Taking the word natural in its full sense, we may unhesitatingly affirm that monogamy is the only natural form of marriage. While promiscuity responds to certain elemental passions and temporarily satisfies certain superficial wants, it contradicts the parental instinct, the welfare of children and of the race, and the overpowering forces of jealousy and individual preference in both men and women. While polyandry satisfied in some measure the temporary and exceptional wants arising from scarcity of food or scarcity of women, it finds an insuperable barrier in male jealousy, in the male sense of proprietorship, and is directly opposed to the welfare of the wife, and fatal to the fecundity of the race. While polygamy has prevailed among so many peoples and over so long a period of history as to suggest that it is in some sense natural, and while it does seem to furnish a means of satisfying the stronger and more frequently recurring desires of the male, it conflicts with the numerical equality of the sexes, with the jealousy, sense of proprietorship, equality, dignity and general welfare of the wife, and with the best interests of the offspring.
“I don’t think it’s that simple. You can’t agree to sell yourself into slavery, AFAIK.”
Sure you can... Think student loans.
“Regarding marriage, even pre-nups have dubious value, right?”
As long as what their agreeing to is not forbidden by some other law which would make it invalid.
“What if a couple draws up a contract for a polygamous relationship? Should that be legal?”
It’s not illegal to have a polygamous relationship any more, you can just only register one spouse with the state. (ie; cival marriage)
“What if a man and woman want to draw up a contract to auction off their children? Should that be legal?”
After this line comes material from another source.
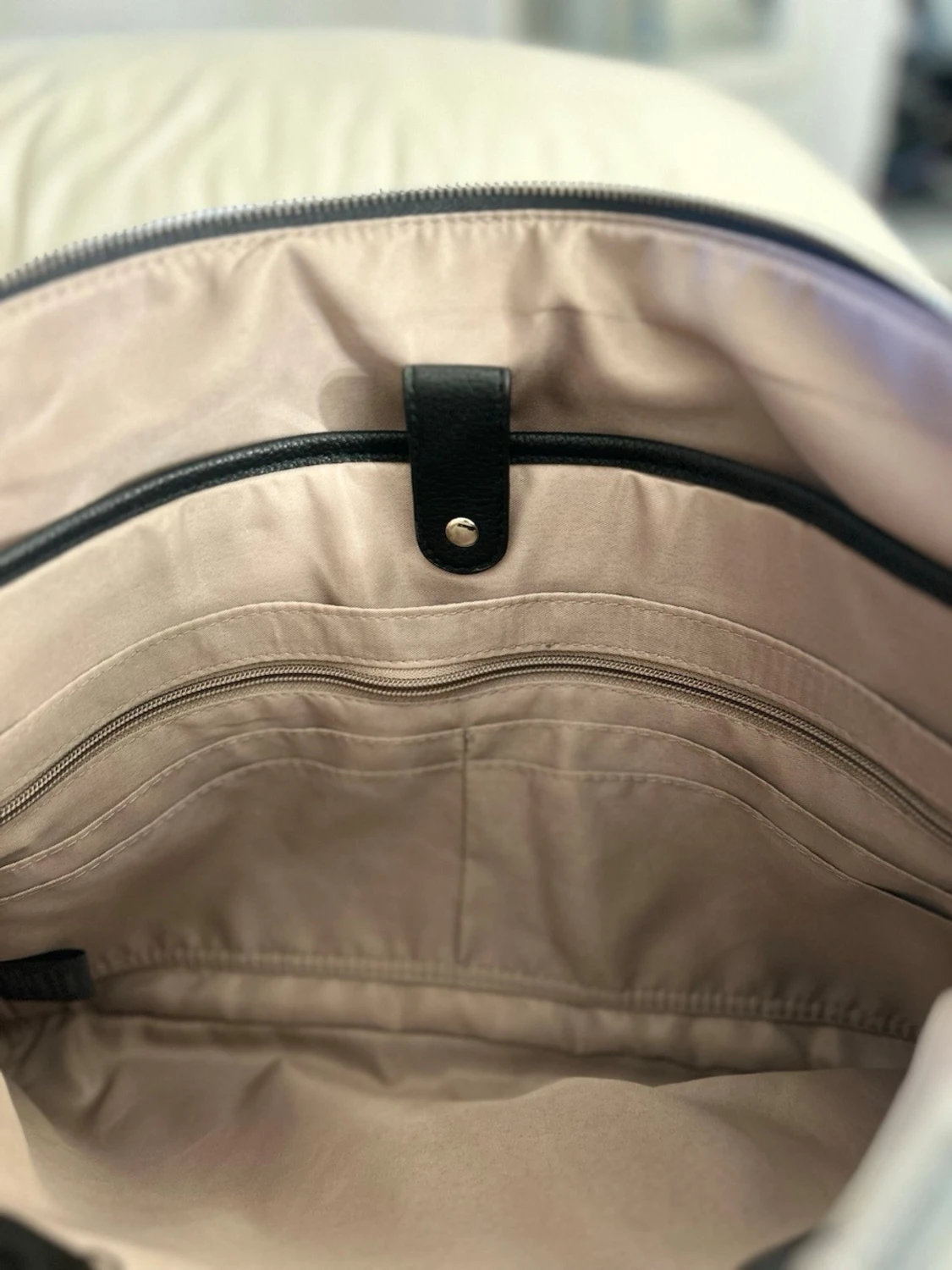 Svart handväska från Don Donna - 2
This falls under contracting for something that is illegal under criminal law. That in a contract would not be binding...
Nobody insists that the State set up conditions for initiating or terminating relationships predicated upon sharing bonsai or bicycling or classic British films. And relationships involving property land, homes, exchange of goods and services, can be readily taken care of by private contract.
I have often said this in relation to the irrationality of "gay marriage." What for? What friends demand legally enforced "twosiness"? It calls to mind a banner I saw in a crowd shot of the big pro-traditional-marriage march in Gay Paree: a couple of flamboyant queers proclaiming "We're gayer without marriage."
So it seems marriage is primarily set up, not to secure the consortium and interests of adults, but primarily to secure the rights and interests of children.
Do children no longer have rights? Do thy no longer have interests? If there is truly "NO FAULT" in a marriage (the 5A's: no adultery, assault, abandonment, addiction, abuse) how is it in the children's interest to dissolve the marriage?
It seems to me that the State's interest --- the public interest --- in preserving marriage for the sake of the offspring, would naturally call for disincentives to divorce, and incentives to reconcile.
Not the contrary.
Children have a right to a father and a mother who are married to each other.
They still do.
Well said. The children get lost in all this.
My state adopted no-fault in 2007. Until then, many couples were separating and staying separated, never to reconcile again. They just couldn't afford the actual divorce.
IOW, no-fault divorce didn't destroy those marriages; they already were destroyed. No-fault simply made it possible to turn those separations into official divorces.
In the meantime, "fault" divorce is still an option.
BTW, even with no-fault, the plaintiff still has to give a reason - such as separation for 18 months or irreconcilable differences.
The problem isn't with no-fault. The real problem for many years has been that, even when "fault" can be shown, it has no effect on support, child custody, etc., as far as the courts are concerned.
Interesting...OBVIOUSLY the attempt here was to weaken the country by DESTROYING families. Seemed to have worked quite well, too.